State v. McAllister, 939 N.W.2d 502 (N.D. 2020)

August 13, 2020

Defendant appealed from a criminal judgment and order for restitution after a jury found him guilty of assault. Among various bases for appeal, defendant argued that his constitutional right to confront witnesses was violated because the district court limited his cross-examination of the victim, in particular as to the victim’s interest in obtaining restitution. The lower court ruled that the question would elicit confusing and misleading testimony. As a matter of first impression, on appeal, the court stated that the victim’s interest in restitution is relevant. However, “given the district court’s holding that the evidence would be misleading and confusing to the jury, the extent of cross-examination that was permitted, and the impeachment testimony elicited, we conclude the district court’s decision was not an abuse of discretion.” Defendant also argued that the district court erred when it ordered restitution. North Dakota’s Constitution provides victims “[t]he right to full and timely restitution in every case and from each offender for all losses suffered by the victim as a result of the criminal or delinquent conduct.” This right has been interpreted to mean that a victim is entitled to be made whole through a reasonable restitution amount based on the entirety of his or her actual losses directly related to the criminal offense.
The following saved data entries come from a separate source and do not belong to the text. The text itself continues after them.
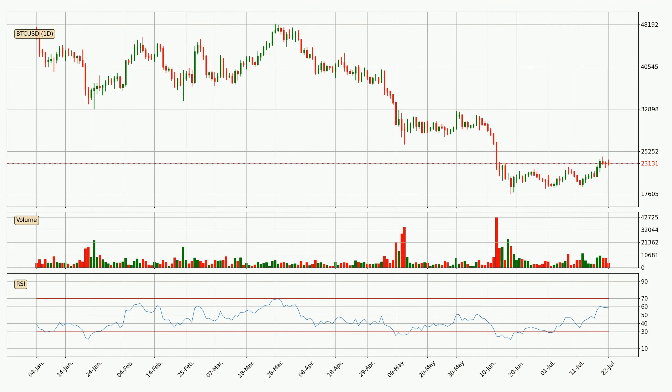Moving to the daily relative strength index, the current daily RSI is at 59, so there are currently no signs of the crypto being overbought or oversold.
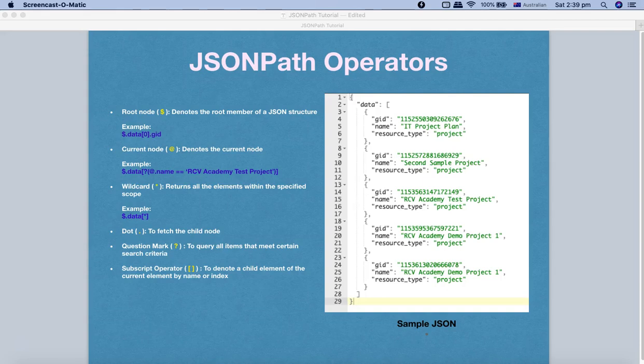Hello and welcome to the JSON path tutorial. In this tutorial we are going to learn about JSON path operators. In the last tutorial we understood about JSON path notation — there are two types: dot notation and bracket notation. If you haven't seen the previous tutorial, please go and watch it before continuing with this one.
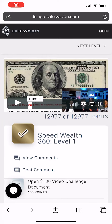Hey guys, this is SalesVision Business Games Video Challenge number 51. I'm going to show you how to get your free Facebook leads training.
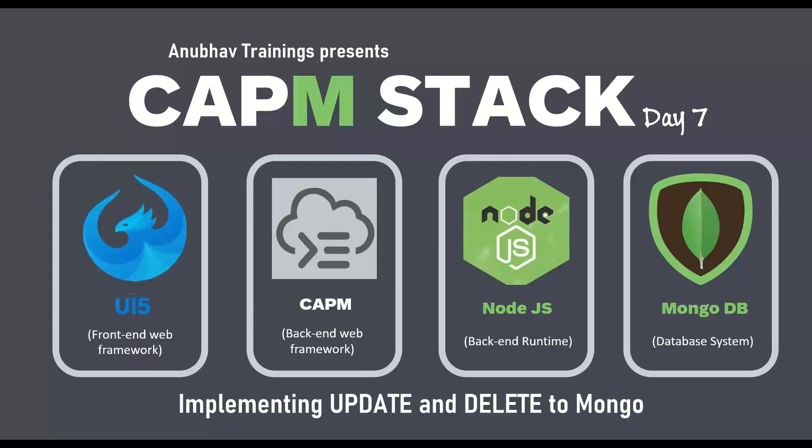Hello and welcome back everyone to the next episode on Anubhav training series. In this series of videos, we are discussing about cloud application programming model with MongoDB.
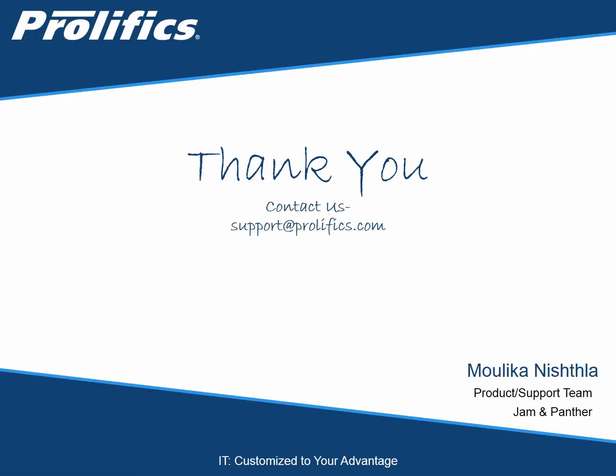If you have any questions, please put them in the comment section below, or you can email us at support at prolifics.com. If you like this video, please click on the like button and subscribe to our channel.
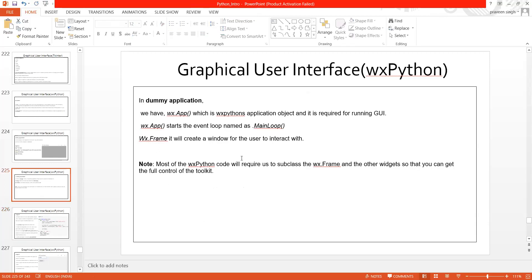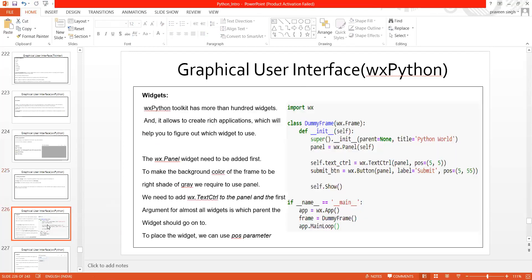The note I mentioned: most of the wxPython code will require us to subclass wx.Frame and other widgets so that you can get full control of the entire toolkit.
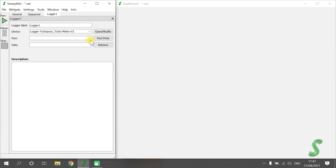As we can use multiple sensors of the same type, we have to choose the correct communication port. Click Find Ports and the drop-down box will be updated. Today we just have one sensor, so the selection is pretty clear. To test the driver, you can click Retrieve Data and a set of data is shown in the field Data.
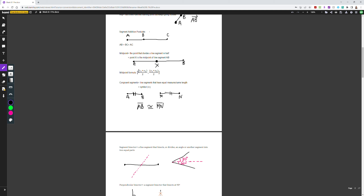Congruent segments are line segments that have equal measures or the same length. We use the congruence symbol — a squiggly line with an equal sign underneath. If you see those two tick marks on line segment AB and line segment MN, it shows these two lines have equal length. That's why we can write: line AB is congruent to line MN.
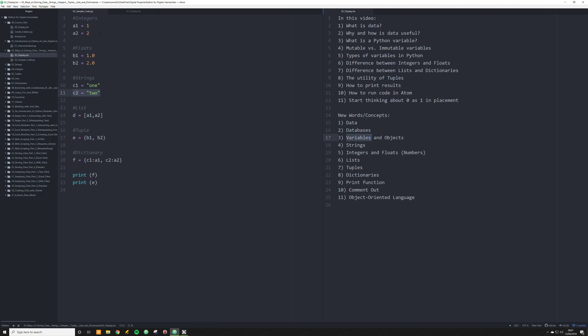Now, you might be tempted to think of variables and objects when you first start off as being kind of the same thing. I did. They're actually very different. And again, I'm not going to go into depth about the difference in this video. For right now, I want you to think about variables as things that point to objects. Just get that concept down right now, and I'll explain very basically what these are.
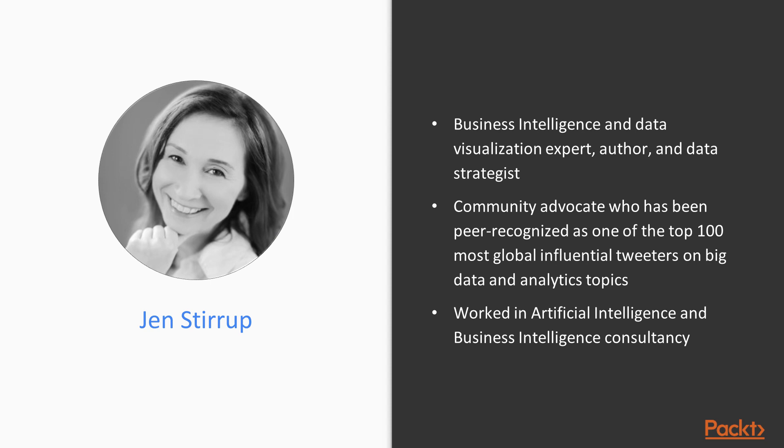Jen Stirrup, recently named as one of the top nine most influential business intelligence female experts in the world by Solutions Review, is a well-known business intelligence and data visualization expert, author, and data strategist who has been peer recognized as one of the top 100 most influential tweeters on big data and analytics topics.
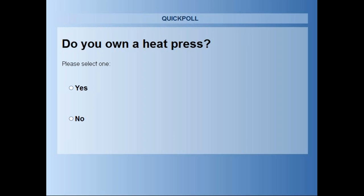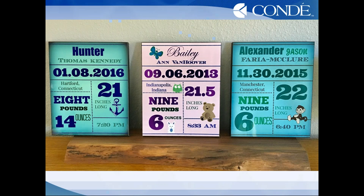Poll results show 94% of attendees already have a heat press, with only 6% not — which greatly lowers the entry cost into sublimation. A client gallery photo is shown from Condi, where clients post products they're proud of. The example shown is birth announcements on what appear to be MDF panels — beautiful, high-value, low-cost products. Getting plugged into a hospital network could be very profitable.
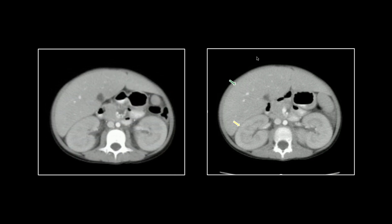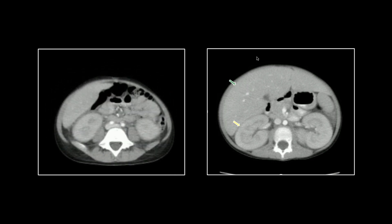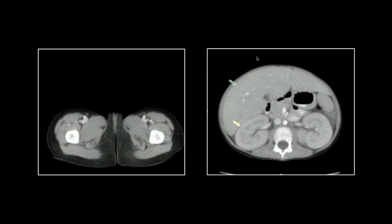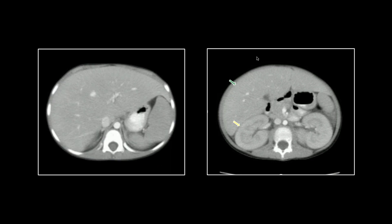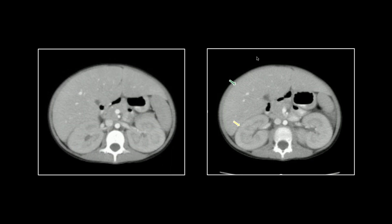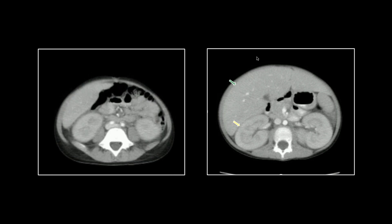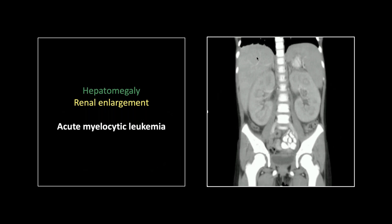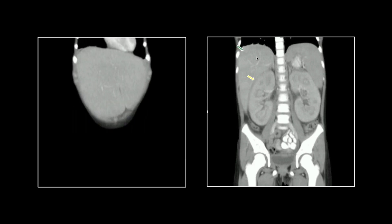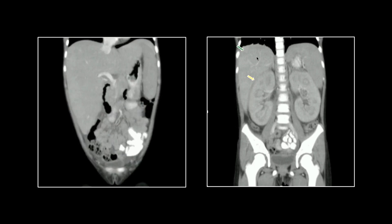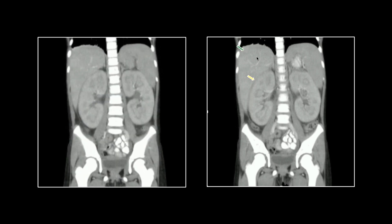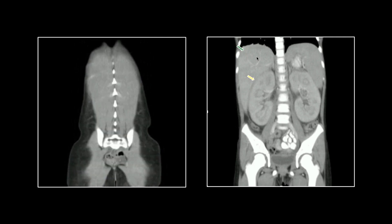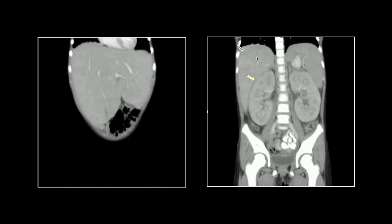The large liver looks pretty homogeneous — it may not be infiltrated — but those kidneys are striking. Again, look at the cortical thickening and the density within the pyramids. On the coronal you can see the massive enlargement of the kidneys and that pyramidal density. Pretty striking. That is a pediatric patient with AML.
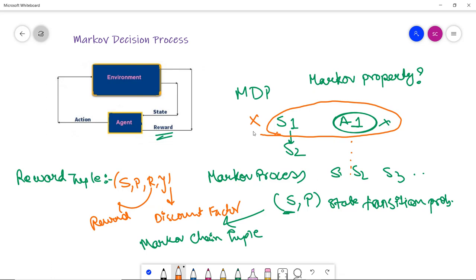In conclusion, the Markov Decision Process provides a mathematical framework for modeling decision-making situations where outcomes are partially random and partially under the control of a decision maker. In the next video, we will discuss the Q-learning algorithm in reinforcement learning.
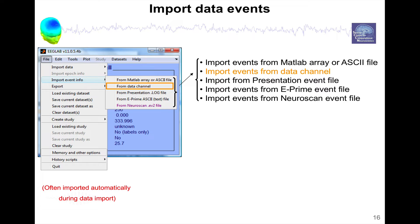What EEGLAB will do is import these events and then calculate possible discrepancy in the sampling rate in the order of 0.1% and then align these events as best as possible. Here we'll just see the simple example of importing from a data channel.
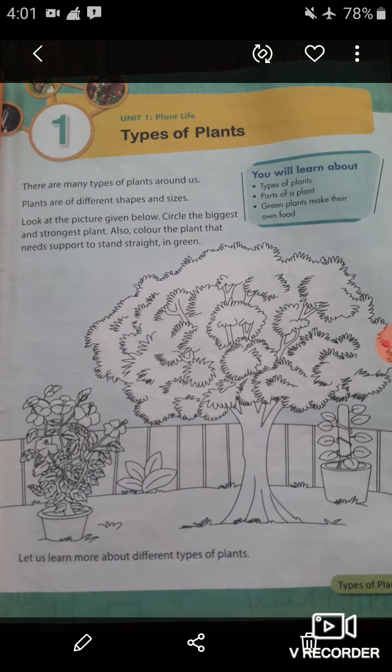There are many types of plants around us. Plants are of different shapes and sizes. Now look at the picture given below — circle the biggest and strongest plant, and also color the plants that need support to stand straight in green. Students, here you have to color the plant that needs support to stand straight in green.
Defendant argued that the victim was treated for injuries that constitute serious bodily injury, but that the jury acquitted him of aggravated assault, which would have required a finding that he caused the victim serious bodily injury. He argued that he could not be required to pay restitution for injuries related to the finding of not guilty. However, the court explained that defendant’s charge of aggravated assault limited the definition of serious bodily injury to a specific type of bodily injury (unconsciousness), of which the jury acquitted him. His assault charge, which he was convicted of, required the jury to find he committed substantial bodily injury. Because the district court heard testimony indicating the victim was treated for the types of injuries defendant was convicted of causing, the court found that the trial court did not abuse its discretion. Affirmed.